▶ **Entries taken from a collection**

====

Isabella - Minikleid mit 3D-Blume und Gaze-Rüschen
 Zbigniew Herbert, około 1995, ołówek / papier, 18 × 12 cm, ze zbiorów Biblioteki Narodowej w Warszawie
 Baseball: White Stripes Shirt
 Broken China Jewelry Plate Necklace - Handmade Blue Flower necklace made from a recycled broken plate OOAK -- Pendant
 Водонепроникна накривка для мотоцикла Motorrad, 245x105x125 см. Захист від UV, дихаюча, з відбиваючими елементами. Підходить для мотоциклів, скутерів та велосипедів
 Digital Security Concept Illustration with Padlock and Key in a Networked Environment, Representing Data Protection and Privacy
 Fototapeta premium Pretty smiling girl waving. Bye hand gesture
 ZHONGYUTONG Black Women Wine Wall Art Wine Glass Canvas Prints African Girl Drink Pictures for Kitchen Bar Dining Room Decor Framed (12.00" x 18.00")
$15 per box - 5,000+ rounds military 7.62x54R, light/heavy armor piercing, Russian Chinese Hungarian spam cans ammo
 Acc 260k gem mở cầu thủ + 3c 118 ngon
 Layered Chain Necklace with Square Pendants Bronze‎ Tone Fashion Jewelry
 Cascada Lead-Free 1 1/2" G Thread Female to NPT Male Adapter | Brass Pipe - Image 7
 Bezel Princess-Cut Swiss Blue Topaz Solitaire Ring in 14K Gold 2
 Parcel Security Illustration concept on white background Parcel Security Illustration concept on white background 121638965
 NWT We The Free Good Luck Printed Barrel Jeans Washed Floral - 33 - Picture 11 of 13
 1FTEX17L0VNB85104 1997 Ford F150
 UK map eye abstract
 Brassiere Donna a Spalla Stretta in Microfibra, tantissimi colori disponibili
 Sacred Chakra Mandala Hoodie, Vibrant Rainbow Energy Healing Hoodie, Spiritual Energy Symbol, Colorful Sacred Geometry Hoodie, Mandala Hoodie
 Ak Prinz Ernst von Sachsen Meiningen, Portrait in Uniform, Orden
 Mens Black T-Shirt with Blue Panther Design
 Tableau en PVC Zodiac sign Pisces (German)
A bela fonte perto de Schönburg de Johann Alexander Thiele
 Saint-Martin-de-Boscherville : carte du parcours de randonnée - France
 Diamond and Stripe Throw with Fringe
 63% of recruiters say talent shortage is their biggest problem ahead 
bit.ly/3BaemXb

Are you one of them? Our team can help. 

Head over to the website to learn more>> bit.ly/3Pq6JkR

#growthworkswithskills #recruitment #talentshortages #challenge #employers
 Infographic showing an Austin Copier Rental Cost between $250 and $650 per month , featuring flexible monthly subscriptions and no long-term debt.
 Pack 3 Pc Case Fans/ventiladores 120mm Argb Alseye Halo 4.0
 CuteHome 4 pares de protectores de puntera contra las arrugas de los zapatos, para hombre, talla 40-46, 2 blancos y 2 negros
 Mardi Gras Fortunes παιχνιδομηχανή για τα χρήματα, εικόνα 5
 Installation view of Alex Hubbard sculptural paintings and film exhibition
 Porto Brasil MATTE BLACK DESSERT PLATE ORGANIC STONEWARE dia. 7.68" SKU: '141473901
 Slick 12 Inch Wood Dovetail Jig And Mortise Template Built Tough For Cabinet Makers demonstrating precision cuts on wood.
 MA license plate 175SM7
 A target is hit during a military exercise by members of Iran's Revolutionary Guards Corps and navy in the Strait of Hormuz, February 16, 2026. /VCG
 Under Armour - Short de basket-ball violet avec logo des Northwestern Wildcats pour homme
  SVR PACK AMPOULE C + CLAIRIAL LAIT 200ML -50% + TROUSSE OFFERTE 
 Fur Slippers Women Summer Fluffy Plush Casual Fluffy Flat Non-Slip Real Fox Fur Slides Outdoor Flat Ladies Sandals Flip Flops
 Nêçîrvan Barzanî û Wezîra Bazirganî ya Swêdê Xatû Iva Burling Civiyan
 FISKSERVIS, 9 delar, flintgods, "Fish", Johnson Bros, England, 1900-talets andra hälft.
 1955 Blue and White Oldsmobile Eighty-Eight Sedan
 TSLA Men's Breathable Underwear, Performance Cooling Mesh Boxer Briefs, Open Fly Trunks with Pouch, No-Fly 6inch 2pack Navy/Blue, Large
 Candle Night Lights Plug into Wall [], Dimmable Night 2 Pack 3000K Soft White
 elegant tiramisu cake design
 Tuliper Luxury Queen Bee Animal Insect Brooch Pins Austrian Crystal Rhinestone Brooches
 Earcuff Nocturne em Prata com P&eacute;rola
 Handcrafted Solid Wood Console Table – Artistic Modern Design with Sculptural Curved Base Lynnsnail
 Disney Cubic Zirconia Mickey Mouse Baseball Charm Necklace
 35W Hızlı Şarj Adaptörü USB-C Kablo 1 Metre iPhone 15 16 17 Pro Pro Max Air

====

▶ **How to complete this task**
Please copy all of the data above exactly.

▶ **Your solution**
Isabella - Minikleid mit 3D-Blume und Gaze-Rüschen
 Zbigniew Herbert, około 1995, ołówek / papier, 18 × 12 cm, ze zbiorów Biblioteki Narodowej w Warszawie
 Baseball: White Stripes Shirt
 Broken China Jewelry Plate Necklace - Handmade Blue Flower necklace made from a recycled broken plate OOAK -- Pendant
 Водонепроникна накривка для мотоцикла Motorrad, 245x105x125 см. Захист від UV, дихаюча, з відбиваючими елементами. Підходить для мотоциклів, скутерів та велосипедів
 Digital Security Concept Illustration with Padlock and Key in a Networked Environment, Representing Data Protection and Privacy
 Fototapeta premium Pretty smiling girl waving. Bye hand gesture
 ZHONGYUTONG Black Women Wine Wall Art Wine Glass Canvas Prints African Girl Drink Pictures for Kitchen Bar Dining Room Decor Framed (12.00" x 18.00")
$15 per box - 5,000+ rounds military 7.62x54R, light/heavy armor piercing, Russian Chinese Hungarian spam cans ammo
 Acc 260k gem mở cầu thủ + 3c 118 ngon
 Layered Chain Necklace with Square Pendants Bronze‎ Tone Fashion Jewelry
 Cascada Lead-Free 1 1/2" G Thread Female to NPT Male Adapter | Brass Pipe - Image 7
 Bezel Princess-Cut Swiss Blue Topaz Solitaire Ring in 14K Gold 2
 Parcel Security Illustration concept on white background Parcel Security Illustration concept on white background 121638965
 NWT We The Free Good Luck Printed Barrel Jeans Washed Floral - 33 - Picture 11 of 13
 1FTEX17L0VNB85104 1997 Ford F150
 UK map eye abstract
 Brassiere Donna a Spalla Stretta in Microfibra, tantissimi colori disponibili
 Sacred Chakra Mandala Hoodie, Vibrant Rainbow Energy Healing Hoodie, Spiritual Energy Symbol, Colorful Sacred Geometry Hoodie, Mandala Hoodie
 Ak Prinz Ernst von Sachsen Meiningen, Portrait in Uniform, Orden
 Mens Black T-Shirt with Blue Panther Design
 Tableau en PVC Zodiac sign Pisces (German)
A bela fonte perto de Schönburg de Johann Alexander Thiele
 Saint-Martin-de-Boscherville : carte du parcours de randonnée - France
 Diamond and Stripe Throw with Fringe
 63% of recruiters say talent shortage is their biggest problem ahead 
bit.ly/3BaemXb

Are you one of them? Our team can help. 

Head over to the website to learn more>> bit.ly/3Pq6JkR

#growthworkswithskills #recruitment #talentshortages #challenge #employers
 Infographic showing an Austin Copier Rental Cost between $250 and $650 per month , featuring flexible monthly subscriptions and no long-term debt.
 Pack 3 Pc Case Fans/ventiladores 120mm Argb Alseye Halo 4.0
 CuteHome 4 pares de protectores de puntera contra las arrugas de los zapatos, para hombre, talla 40-46, 2 blancos y 2 negros
 Mardi Gras Fortunes παιχνιδομηχανή για τα χρήματα, εικόνα 5
 Installation view of Alex Hubbard sculptural paintings and film exhibition
 Porto Brasil MATTE BLACK DESSERT PLATE ORGANIC STONEWARE dia. 7.68" SKU: '141473901
 Slick 12 Inch Wood Dovetail Jig And Mortise Template Built Tough For Cabinet Makers demonstrating precision cuts on wood.
 MA license plate 175SM7
 A target is hit during a military exercise by members of Iran's Revolutionary Guards Corps and navy in the Strait of Hormuz, February 16, 2026. /VCG
 Under Armour - Short de basket-ball violet avec logo des Northwestern Wildcats pour homme
  SVR PACK AMPOULE C + CLAIRIAL LAIT 200ML -50% + TROUSSE OFFERTE 
 Fur Slippers Women Summer Fluffy Plush Casual Fluffy Flat Non-Slip Real Fox Fur Slides Outdoor Flat Ladies Sandals Flip Flops
 Nêçîrvan Barzanî û Wezîra Bazirganî ya Swêdê Xatû Iva Burling Civiyan
 FISKSERVIS, 9 delar, flintgods, "Fish", Johnson Bros, England, 1900-talets andra hälft.
 1955 Blue and White Oldsmobile Eighty-Eight Sedan
 TSLA Men's Breathable Underwear, Performance Cooling Mesh Boxer Briefs, Open Fly Trunks with Pouch, No-Fly 6inch 2pack Navy/Blue, Large
 Candle Night Lights Plug into Wall [], Dimmable Night 2 Pack 3000K Soft White
 elegant tiramisu cake design
 Tuliper Luxury Queen Bee Animal Insect Brooch Pins Austrian Crystal Rhinestone Brooches
 Earcuff Nocturne em Prata com P&eacute;rola
 Handcrafted Solid Wood Console Table – Artistic Modern Design with Sculptural Curved Base Lynnsnail
 Disney Cubic Zirconia Mickey Mouse Baseball Charm Necklace
 35W Hızlı Şarj Adaptörü USB-C Kablo 1 Metre iPhone 15 16 17 Pro Pro Max Air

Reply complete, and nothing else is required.